Hey AM: TV Needs Its Channels 5/6
     

When discussing the proposal to fit AM stations into Channels 5 and 6 on the VHF band (“A Few Points About Channels 5 and 6,” Nov. 7), I’m glad someone at the Broadcast Maximization Committee finally acknowledged this inconvenient fact: the FCC’s proposed confiscation of 120 MHz of TV band spectrum and the repacking of thousands of DTV stations into 40 percent less spectrum.
 
This will obviously necessitate the need for Channels 5 and 6 by television broadcasters (yes, yes we all know low-band VHF is kinda lousy for DTV).
 
Speculation among low-power TV broadcasters and translator owners is that VHF will probably be our new home — and there are thousands of us.
 
But wherever LPTV and translators end up is beside the point. And the key point is this: Putting AM stations on another band does not solve the problems of the AM band itself.
 
As noted, assigning AM stations on Channels 5 and 6 requires new radios and FM translators that will never replicate an AM station’s full coverage.
 
If Commissioner Ajit Pai is serious about an AM revitalization initiative, then the FCC needs to consider how AM stations can improve the listener experience within the band itself — not elsewhere. It may involve tighter regulations on unlicensed devices in addition to the boost in power that Mr. Pai suggested.
 
If all digital AM is the answer, then the commission needs to examine iBiquity’s “annuity for life on the backs of radio stations” license scheme.
 
Whether iBiquity acknowledges it or not, their licensing arrangement is a major impediment to many stations adopting HD Radio, particularly in small markets. And given that there are relatively few HD Radio receivers in the marketplace, perhaps the commission still has time to consider another digital system for AM such as DRM, or to resurrect and mandate AM stereo.
 
And if another band must be considered, how about petitioning the FCC to open up the shortwave bands for domestic use?
 
Another problem AM station owners face is land-use issues regarding their transmitter sites. The land is often worth more than the towers sitting on it; and many people have taken a NIMBY approach to allowing transmitter towers into the neighborhood.
 
Can the FCC do more to encourage the development and rapid implementation of new, more compact antenna designs for city use? How about the use of a single-frequency network for AM?
 
Whatever can or can’t be done in this area, the fact remains that unless the clouds part and a miracle happens in Congress or with the commission, television broadcasters are going to be forced into a much smaller slice of spectrum.
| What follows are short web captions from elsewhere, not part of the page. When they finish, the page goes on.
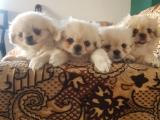 Beyaz imperial pekines bebekler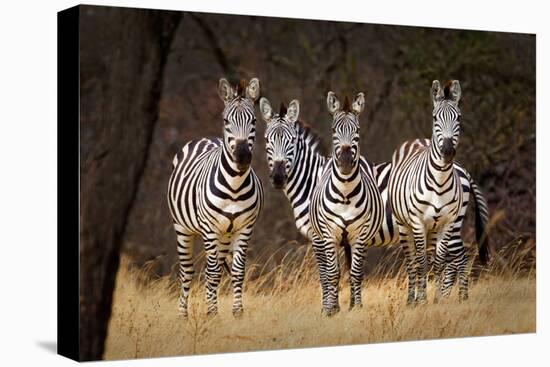 Zebras Looking-Howard Ruby-Stretched Canvas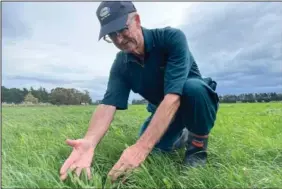  ?? (AP/Nick Perry) ?? Dairy farmer Aidan Bichan shows a type of feed that may reduce methane emissions Nov. 2 at the Kaiwaiwai Dairies in Feathersto­n, New Zealand.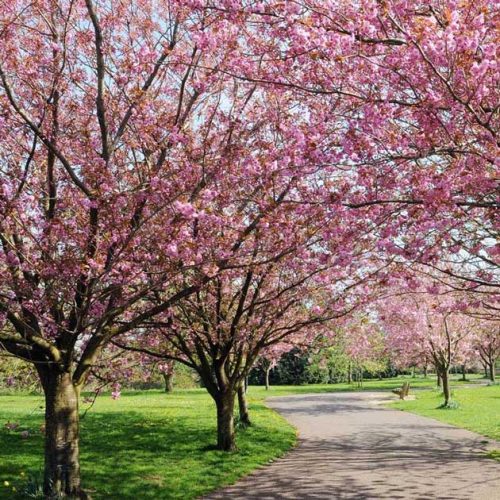 Curraghchase Garden Centre | Prunus Kanzan Japanese Cherry Tree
And should that happen, we will need Channels 5 and 6 for ourselves.

Daniel Brown
Owner/Station Manager
KSLN(LD) Channel 46
Morro Bay, Calif.


AM Call to Action
 
It’s late Friday night and I just finished reading the latest round of thinking as it pertains to digital AM radio.
 
It was mentioned that there needs to be a change of thinking, to use the mostly vacant TV channels just below the current FM band. To be honest, I have beat that horse to death and have nothing to show for my efforts.
 
But what better way to offer some form of relief to AM broadcasters that is actually a plus? I know that some would say, “Wait, there are no receivers available to tune FM in the old TV channels.” But with current technology, that argument just doesn’t hold water.
 
In fact, I have a 20-year-old receiver that will tune the entire TV band and play stereo FM. With the advent of software-defined radios, there is no excuse not to consider this option seriously.
 
I understand that there is the government factor; but if they are as serious as they say they are about lending a hand to AM broadcasters, they have to change their thinking.
 
Unfortunately, all they can think about is broadband. How many Wi-Fi systems do they think we need? Yes, there is serious clogging of the 3G and 4G systems; but that’s what happens when you mass-market something that will break your network. This was very poor planning. The same can be said for the massive growth of cell phones. Why was this growth a surprise?
 
There is still no excuse to refuse the idea that two TV channels could solve a world of problems, with little fuss.
 
My original proposal would give AM broadcasters a first shot at any new addition to the FM band that would be created. Obviously, some broadcasters would not move, but at least they would be offered the chance to advance their lot in life.
 
Currently, due to FCC policy, we have 15,000 radio stations. In quite a few markets, the dial is saturated with stations trying to survive in the radio forest.
 
We need to be serious about getting some room to thin out the herd of stations. If room was created to move AM stations into the VHF band, there would be room, and a level playing field for all. From there, it’s a matter of what content makes the winners and losers.
 
Yes, a move would be a financial burden to a number of stations; but would the move ultimately benefit the station involved? In many cases, the answer would be a firm and resounding yes.
 
The other fly in the ointment is receiver manufacturers. No one can deny that they tend to drag their feet getting current technology to market. Again, with the advent of SDR technology, there is no reason for this to be the case.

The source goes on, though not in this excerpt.